Even at the time, none of this came up in community discussions, because we didn’t have social media and forums like this to pan back on what was, then, happening in real time. Apple buyers then were more preoccupied by getting their ordered unit(s) and making sure those units worked. At most, a bulk purchase order filled, in which some boxes read “Power Macintosh G4” and others “Power Mac G4” might have gotten a raised eyebrow by an eagle-eyed spotter in the warehouse, but that’s basically the end of it.
Also keep in mind this was less than two years out from the company getting close to slamming into the hard floor of bankruptcy. Although Jobs may have famously reset the company’s product strategy when he returned, what probably doesn’t get mentioned nearly as much were ways to keep overall production costs down.
Lastly, the goal, when the much-anticipated G4 came out, was to get units into buyer hands asap — barring chip shortages from Motorola. Waiting for new, “Power Mac G4” boxes and rear labels, even as there was existing packaging stock on hand for “Power Macintosh” to label and box new units leaving the assembly line, would have added bottlenecks in Cork (Europe/Africa) and Singapore (Oceania) where getting new boxes might have taken a few more weeks for the shipping containers to arrive — enough of a gap for some units to have gone out with old labelling/boxing rather than be held up by new packaging still en route. Apple corporate were probably all, “Yah, whatever, just get those units shipped asap. Use what what you already have lying around there and ditch the rest when the new labels and boxes arrive.”
Now obviously, we know that the Yikes G4 is really just a reskinned B&W – it makes perfect sense to continue producing the (virtually) same internal components and maintain production lines, especially if there's a surplus. The same thing is essentially done today with iPhones, the SE being a recycled iPhone 8, presumably to cut costs.
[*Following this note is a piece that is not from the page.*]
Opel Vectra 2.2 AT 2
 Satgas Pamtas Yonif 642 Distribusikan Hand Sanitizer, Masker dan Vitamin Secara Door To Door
Sure, but I don’t think that was the impetus here. I also don’t think the internal company divider was “ok, starting with this tech, the G4 with AGP Velocity Engine™®©, call ‘em Power Macs, please.” Rather, it was a matter of as the new product strategy developed with the aforementioned “iMac” emerging as a metonym for Apple itself, a decision was made to quietly move on from “Power Macintosh” for all but their server-level products (particularly for corporate customers which had been buying the “Macintosh” name since the 1980s — many of the same customer which previously probably bought top-end products like the Workgroup Station 95, Quadra 950, Power Macintosh 9600, and so on).
But would they go so far as to cut costs on product name labels? That seems suspiciously weird.
In real time? Then? No, it really doesn’t.
Be careful not to apply an Apple 2023 lens onto an Apple 1999 view. These were and are very different creatures, as was and is the consumer environment where scrutiny now was not so much the case then.
After all, they still did need to change the label. As far as we're aware, there's no example of a G4 Yikes out there that's been labelled "Power Macintosh G3"; but for that matter, there's also no other Apple product (I can think of) that has an ambiguous name on its label.
Did you forget about the impressive clarity of the Performa model numbers? There must be no confusing between a Macintosh Performa 635 CD and a Macintosh Performa 636 CD!
But real talk: stuffing a G4 into a leftover G3 product box is not a congruous argument, as they were entirely different product cycles, generations and, frankly, different colours. There are also, as far I’m aware, no instance of this situation ever happening.